» **What to produce**
Reproduce every line below exactly as written; do not include the images.

» **Data for the task**
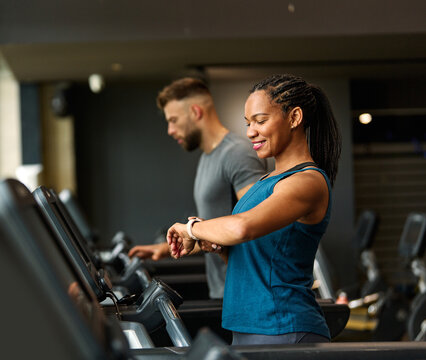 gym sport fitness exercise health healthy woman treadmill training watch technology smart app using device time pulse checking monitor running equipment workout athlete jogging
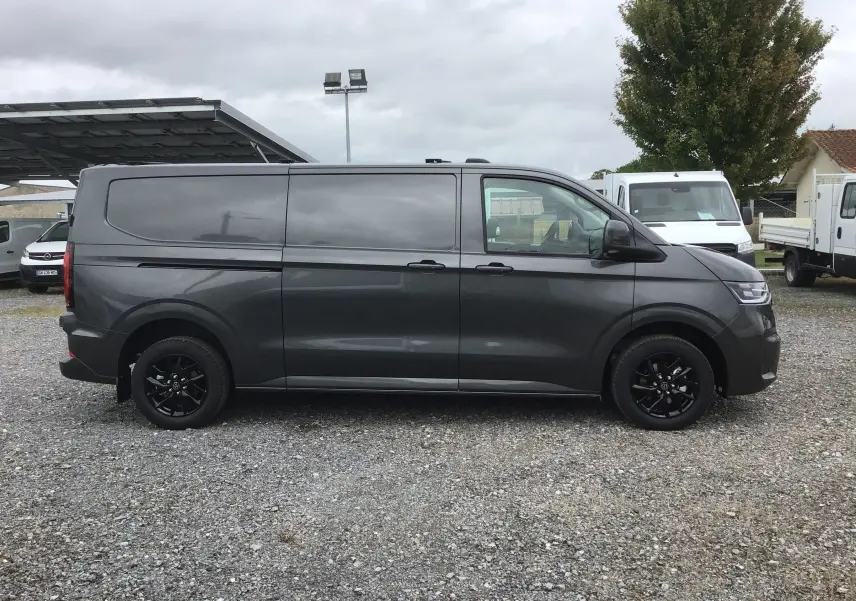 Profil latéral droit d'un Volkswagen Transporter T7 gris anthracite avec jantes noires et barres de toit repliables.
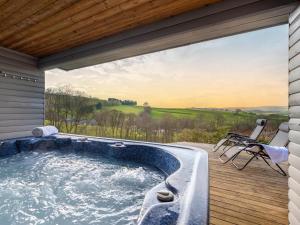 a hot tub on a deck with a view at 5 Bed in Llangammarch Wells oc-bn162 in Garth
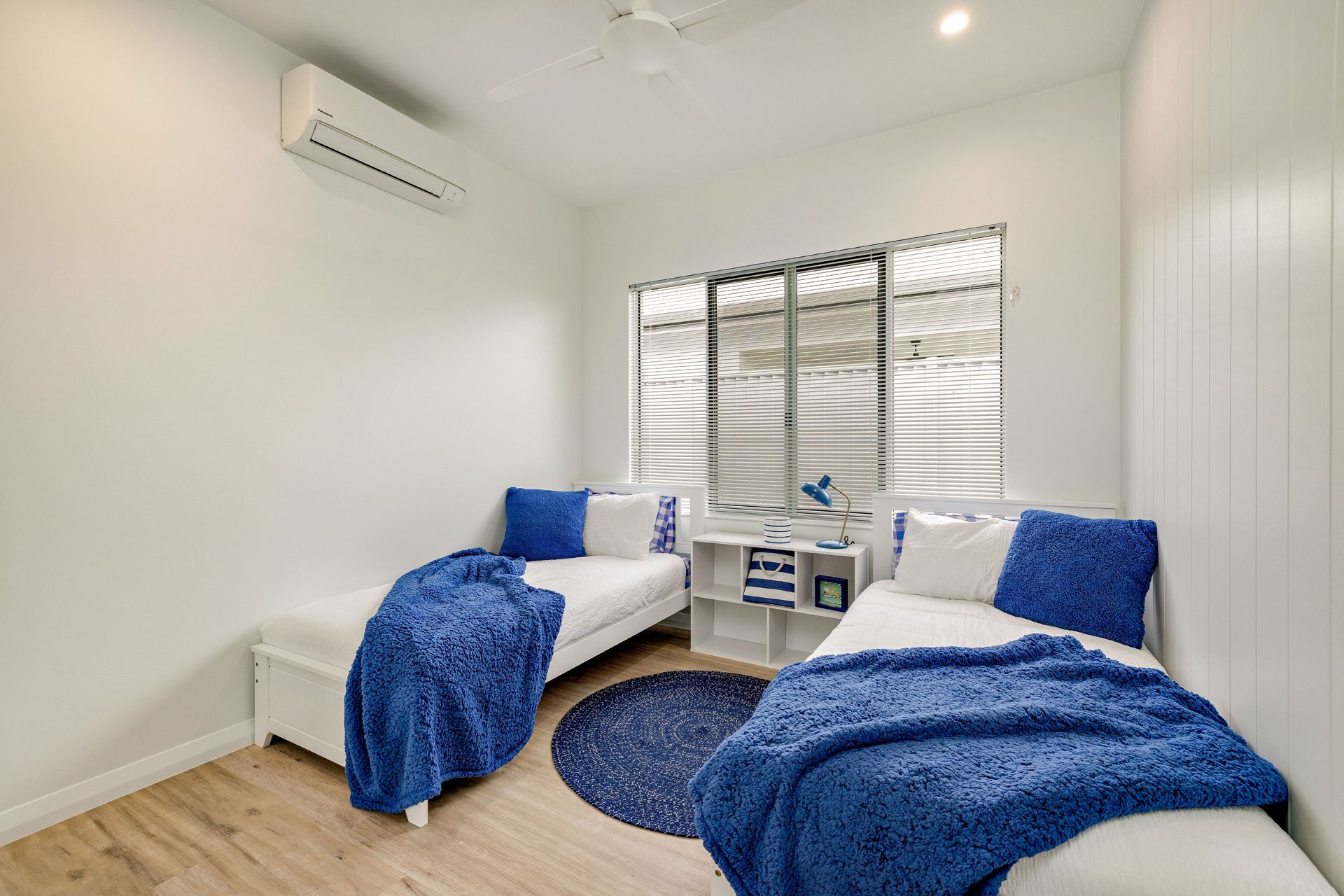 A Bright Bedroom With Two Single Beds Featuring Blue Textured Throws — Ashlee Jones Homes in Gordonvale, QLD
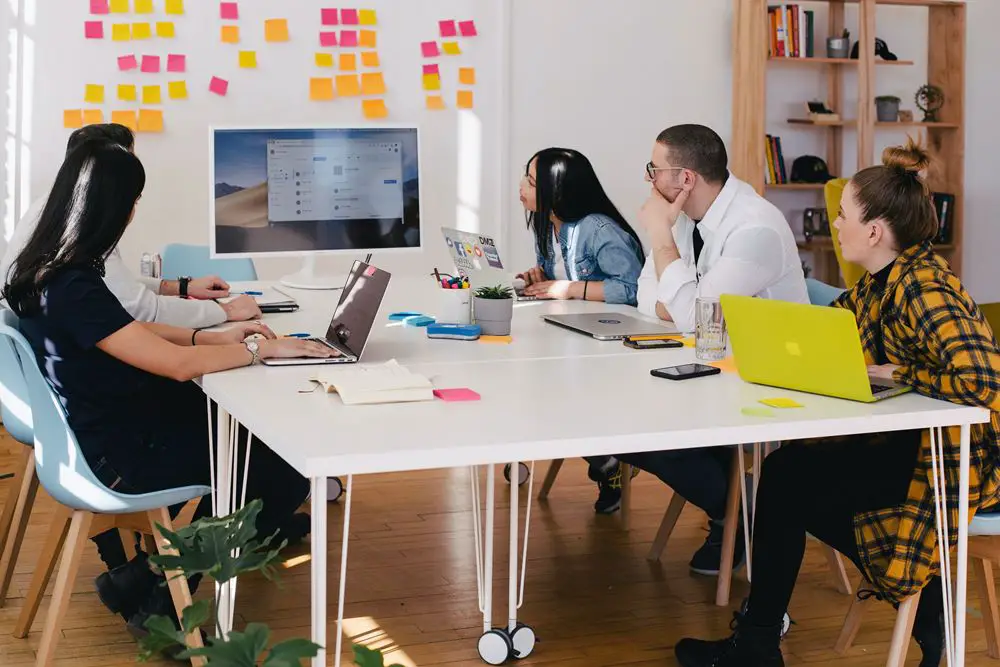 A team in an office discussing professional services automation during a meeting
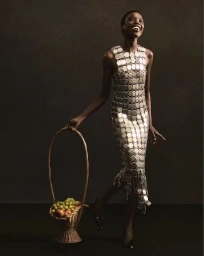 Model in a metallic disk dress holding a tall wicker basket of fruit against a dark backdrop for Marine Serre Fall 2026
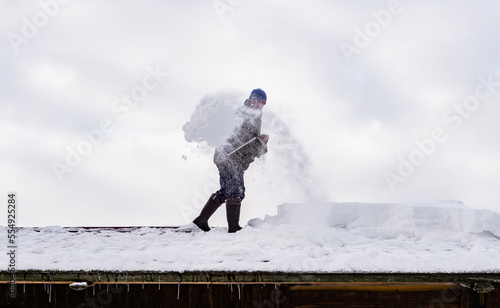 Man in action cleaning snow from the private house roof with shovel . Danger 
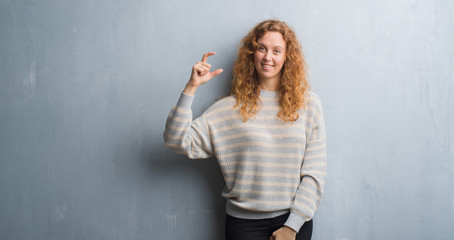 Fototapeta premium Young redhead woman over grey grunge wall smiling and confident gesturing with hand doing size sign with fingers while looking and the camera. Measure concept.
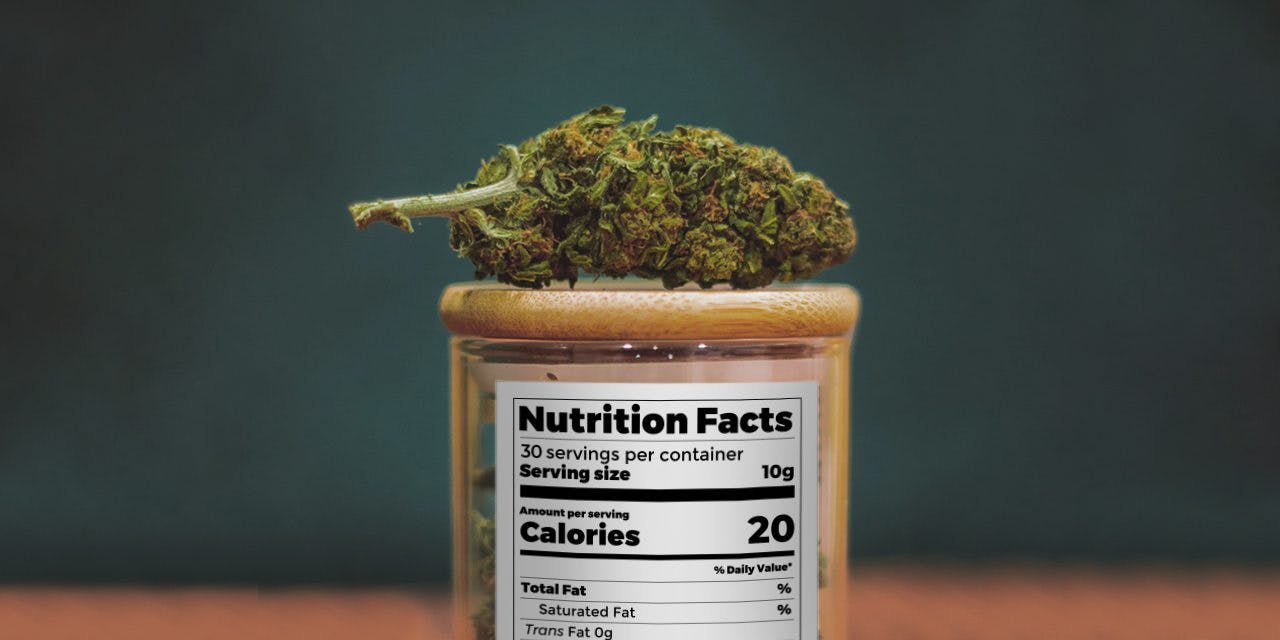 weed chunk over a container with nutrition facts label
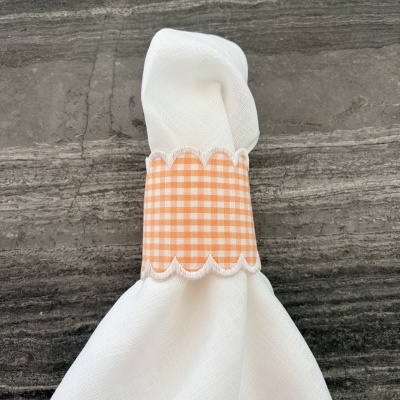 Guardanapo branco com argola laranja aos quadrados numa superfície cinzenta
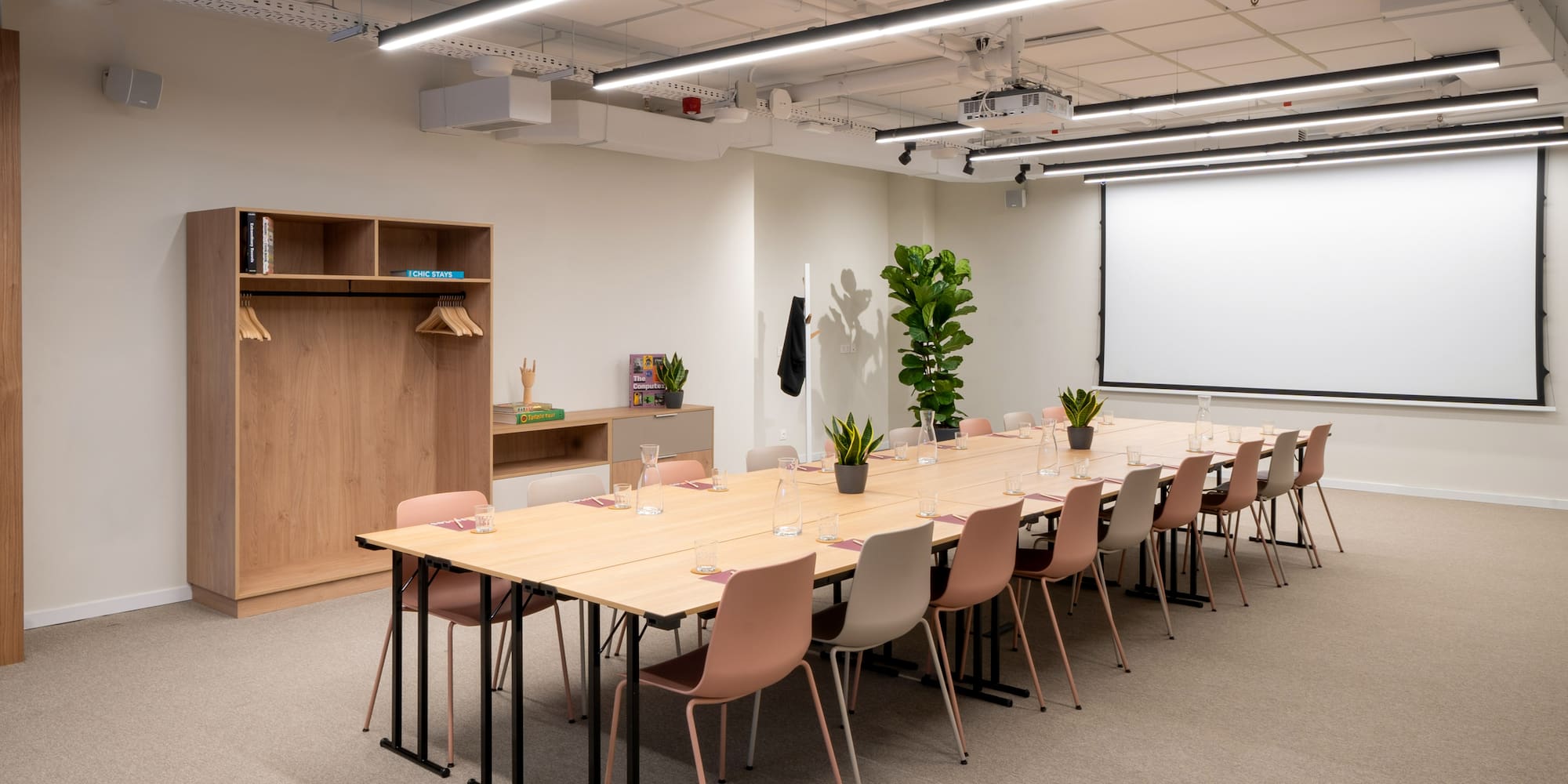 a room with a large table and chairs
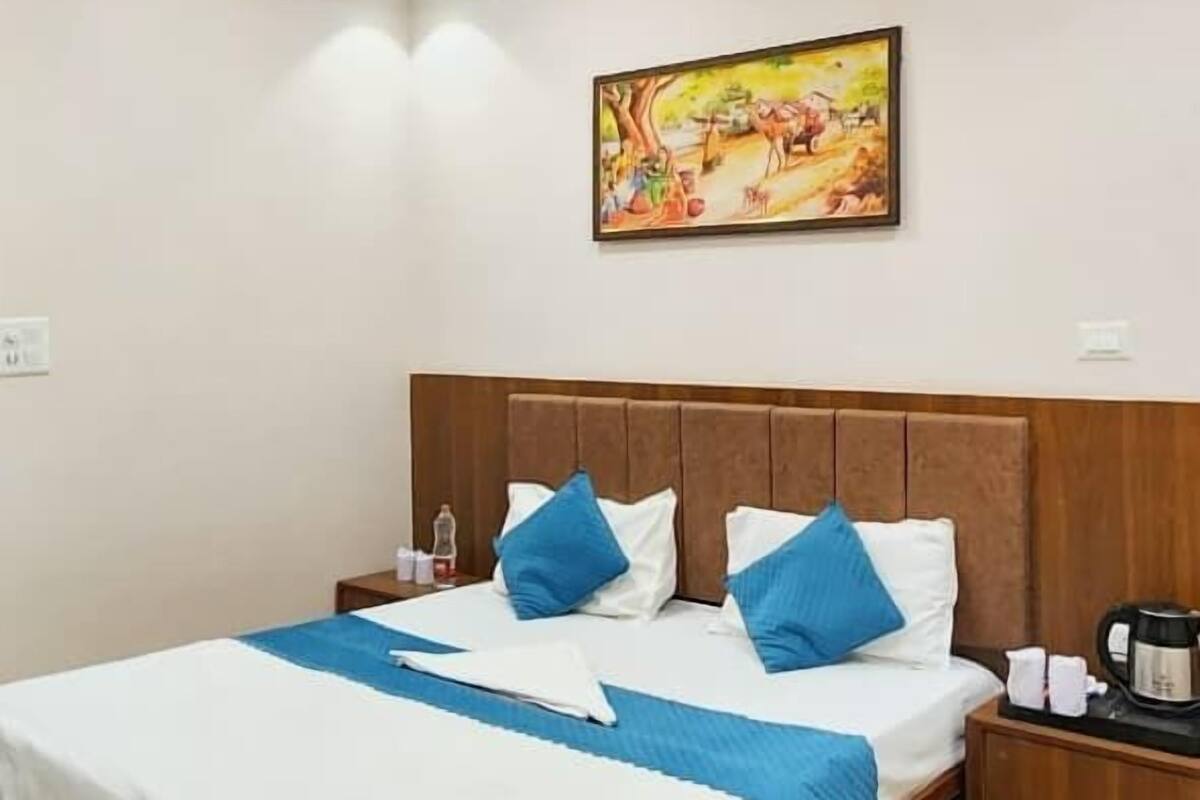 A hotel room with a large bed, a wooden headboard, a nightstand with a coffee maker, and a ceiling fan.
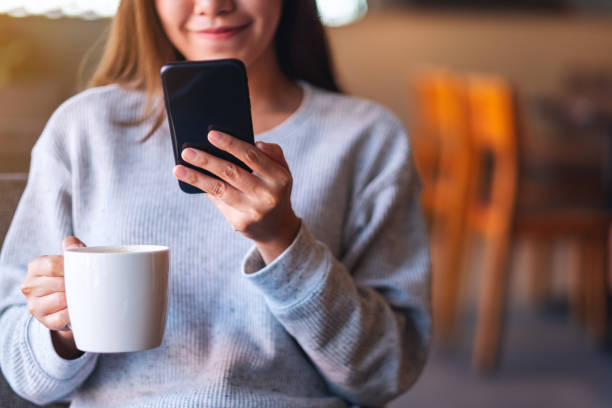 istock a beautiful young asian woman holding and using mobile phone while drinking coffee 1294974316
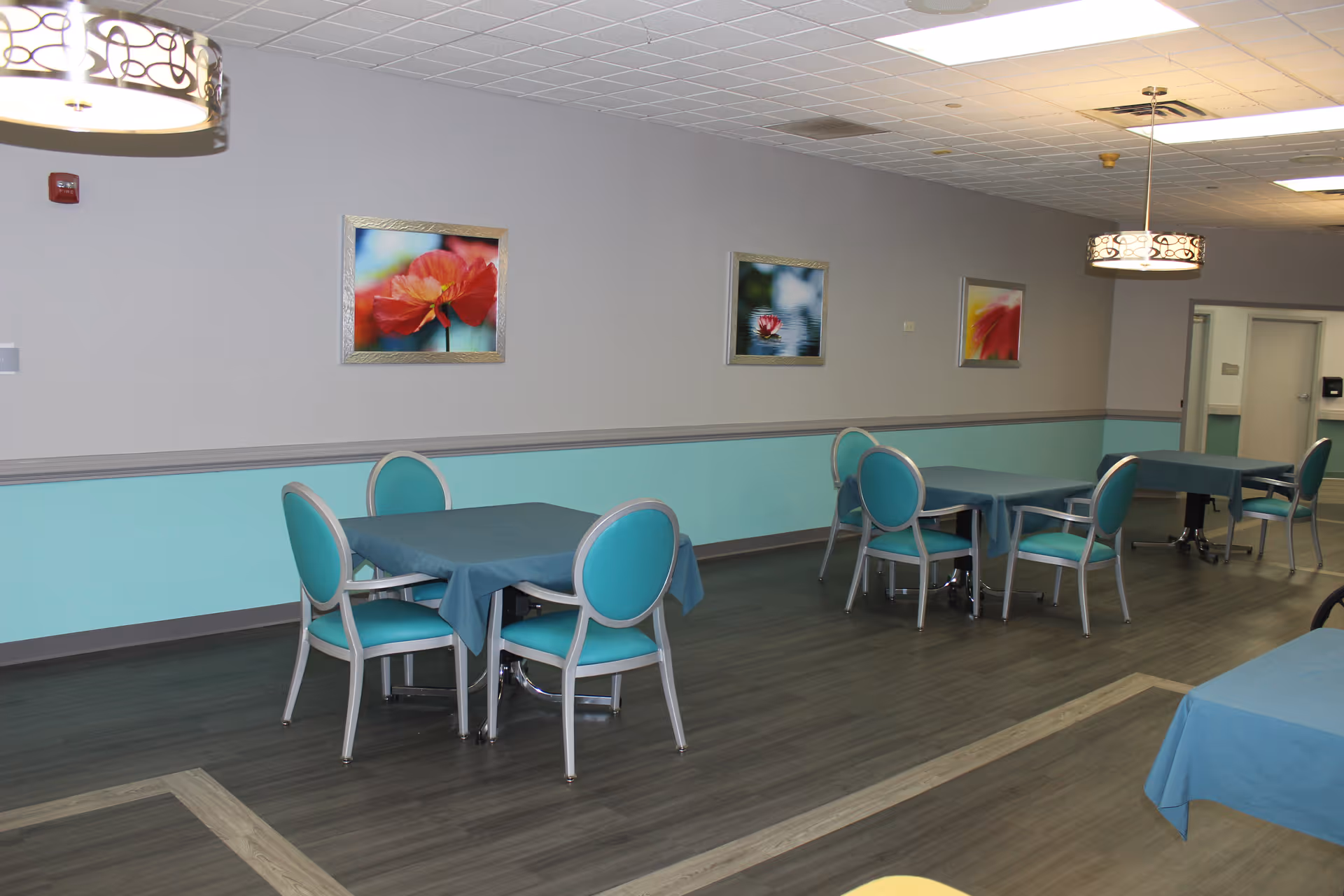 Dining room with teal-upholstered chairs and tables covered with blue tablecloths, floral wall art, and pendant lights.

» **Reply**
 gym sport fitness exercise health healthy woman treadmill training watch technology smart app using device time pulse checking monitor running equipment workout athlete jogging
 Profil latéral droit d'un Volkswagen Transporter T7 gris anthracite avec jantes noires et barres de toit repliables.
 a hot tub on a deck with a view at 5 Bed in Llangammarch Wells oc-bn162 in Garth
 A Bright Bedroom With Two Single Beds Featuring Blue Textured Throws — Ashlee Jones Homes in Gordonvale, QLD
 A team in an office discussing professional services automation during a meeting
 Model in a metallic disk dress holding a tall wicker basket of fruit against a dark backdrop for Marine Serre Fall 2026
 Man in action cleaning snow from the private house roof with shovel . Danger 
 Fototapeta premium Young redhead woman over grey grunge wall smiling and confident gesturing with hand doing size sign with fingers while looking and the camera. Measure concept.
 weed chunk over a container with nutrition facts label
 Guardanapo branco com argola laranja aos quadrados numa superfície cinzenta
 a room with a large table and chairs
 A hotel room with a large bed, a wooden headboard, a nightstand with a coffee maker, and a ceiling fan.
 istock a beautiful young asian woman holding and using mobile phone while drinking coffee 1294974316
 Dining room with teal-upholstered chairs and tables covered with blue tablecloths, floral wall art, and pendant lights.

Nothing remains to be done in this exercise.